For any ideal gas, the root-mean-square (rms) speed of its molecules is given by the formula

$$v_{rms}=\sqrt{\frac{3RT}{M}},$$

where $$R$$ is the universal gas constant, $$T$$ is the absolute temperature in kelvin, and $$M$$ is the molar mass of the gas in kilograms per mole. This expression follows directly from equating the kinetic-theory expression for pressure with the ideal-gas law.

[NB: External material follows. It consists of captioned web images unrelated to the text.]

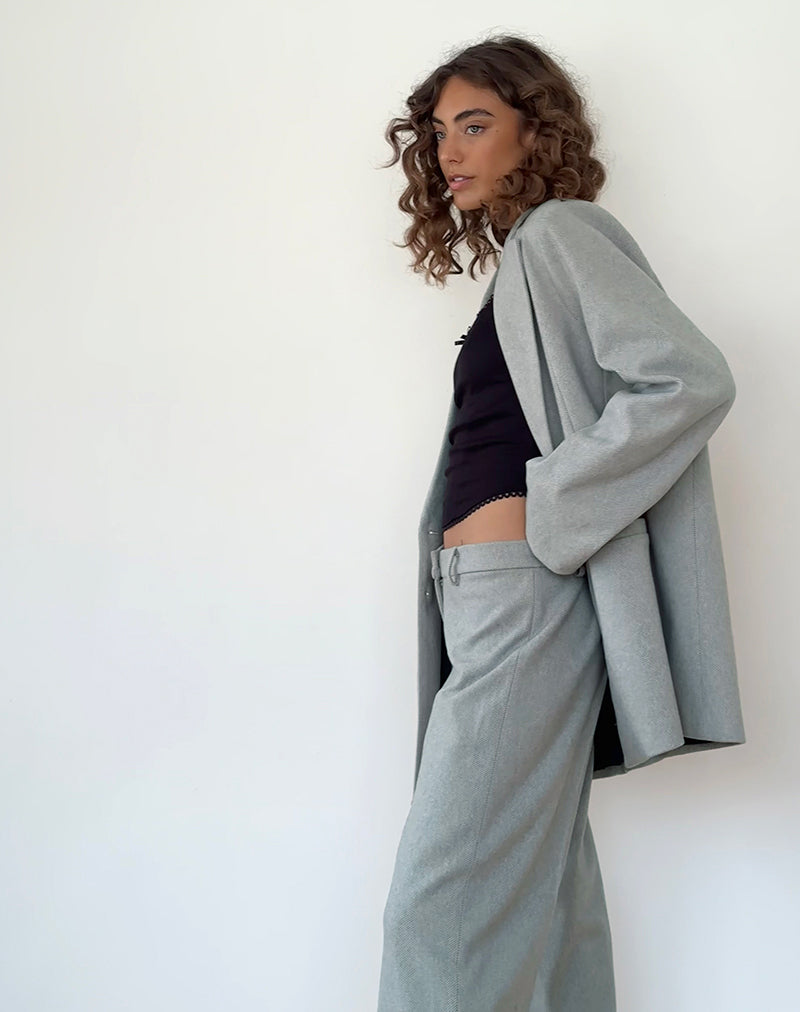 Immagine di Abdel Pantaloni sartoriali in finta lana in grigio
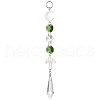 Glass Octagonal Bead Hanging Suncatchers HJEW-JM02217-4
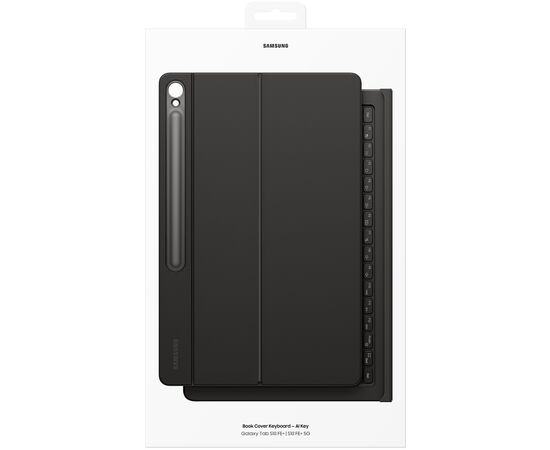 Чохол до планшета Samsung Book Cover Keyboard - AI Key Galaxy Tab S10 FE+ Black (EF-DX625BBEGUA), зображення 11 Чохол до планшета Samsung Book Cover Keyboard - AI Key Galaxy Tab S10 FE+ Black (EF-DX625BBEGUA), зображення 11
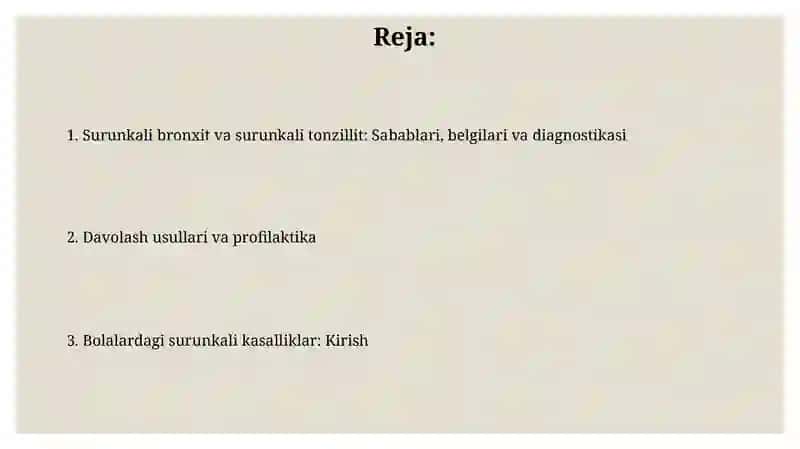 Surunkali bronxit va surunkali tonzillit: Sabablari, belgilari va diagnostikasi 2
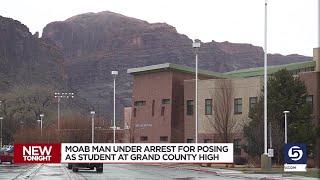 Moab man under arrest for posing as student at Grand County High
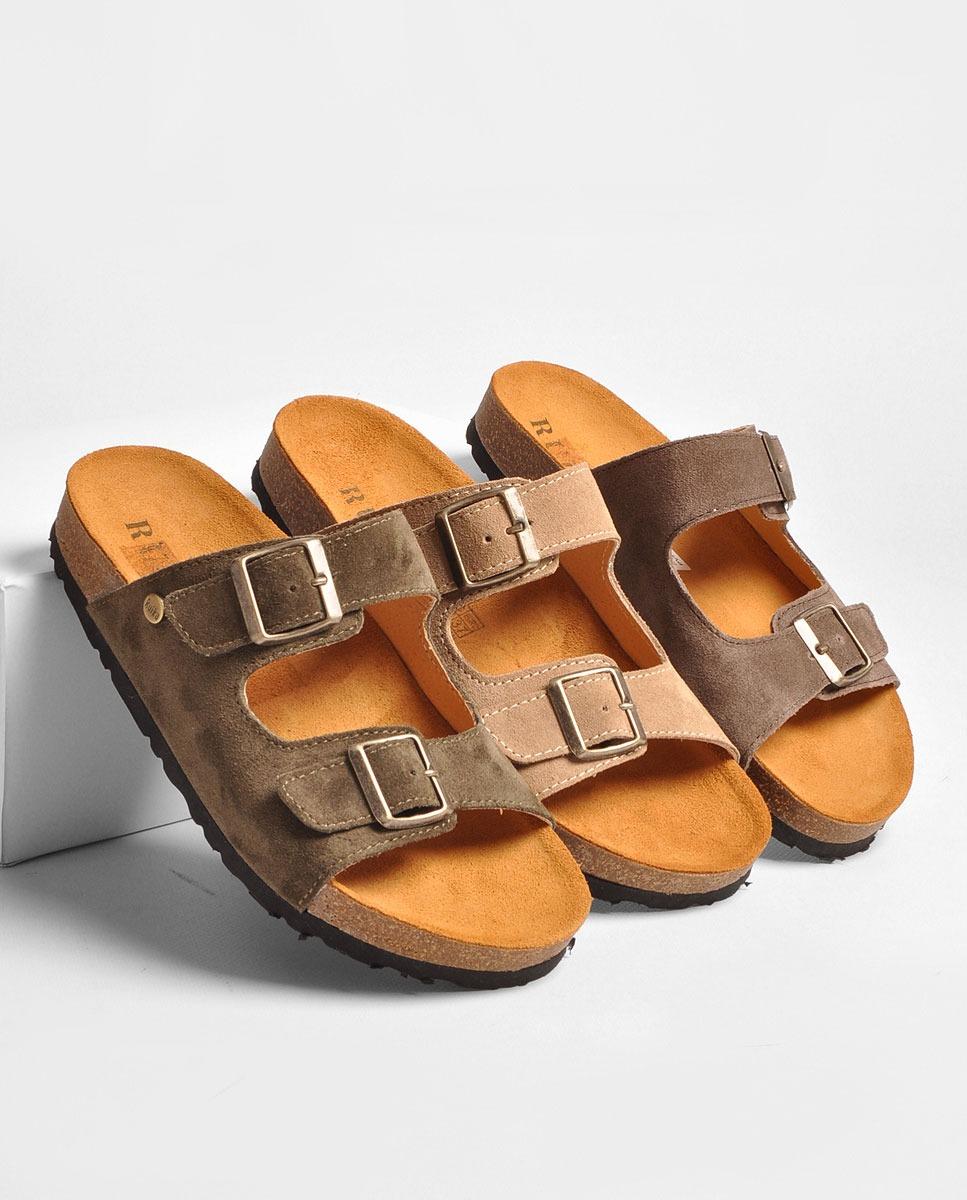 Chinelo Camurça Raton Castanho-3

We are asked to compare the rms speeds of helium and argon at the same temperature. Because $$R$$ and $$T$$ are identical for both gases, the ratio of their rms speeds will depend only on the inverse square root of their molar masses. Mathematically, we can write

$$\frac{v_{rms}(\text{helium})}{v_{rms}(\text{argon})} =\sqrt{\frac{3RT/M_{\text{He}}}{3RT/M_{\text{Ar}}}} =\sqrt{\frac{M_{\text{Ar}}}{M_{\text{He}}}}.$$

Now we substitute the numerical molar masses. The atomic (and hence molar) mass of helium is given as $$4\ \text{u}=4\ \text{g mol}^{-1}$$, while that of argon is $$40\ \text{u}=40\ \text{g mol}^{-1}$$. Converting grams per mole to kilograms per mole is not necessary for a ratio because the factor of $$10^{-3}$$ cancels out, but we can still show it explicitly:

$$M_{\text{He}} = 4\ \text{g mol}^{-1}=4\times10^{-3}\ \text{kg mol}^{-1},$$

$$M_{\text{Ar}} = 40\ \text{g mol}^{-1}=40\times10^{-3}\ \text{kg mol}^{-1}.$$

Substituting these values into the ratio expression, we obtain

$$\frac{v_{rms}(\text{He})}{v_{rms}(\text{Ar})} =\sqrt{\frac{40\times10^{-3}}{4\times10^{-3}}} =\sqrt{\frac{40}{4}} =\sqrt{10} \approx 3.162.$$

This numerical value is closest to $$3.16$$ in the given options.

Hence, the correct answer is Option D.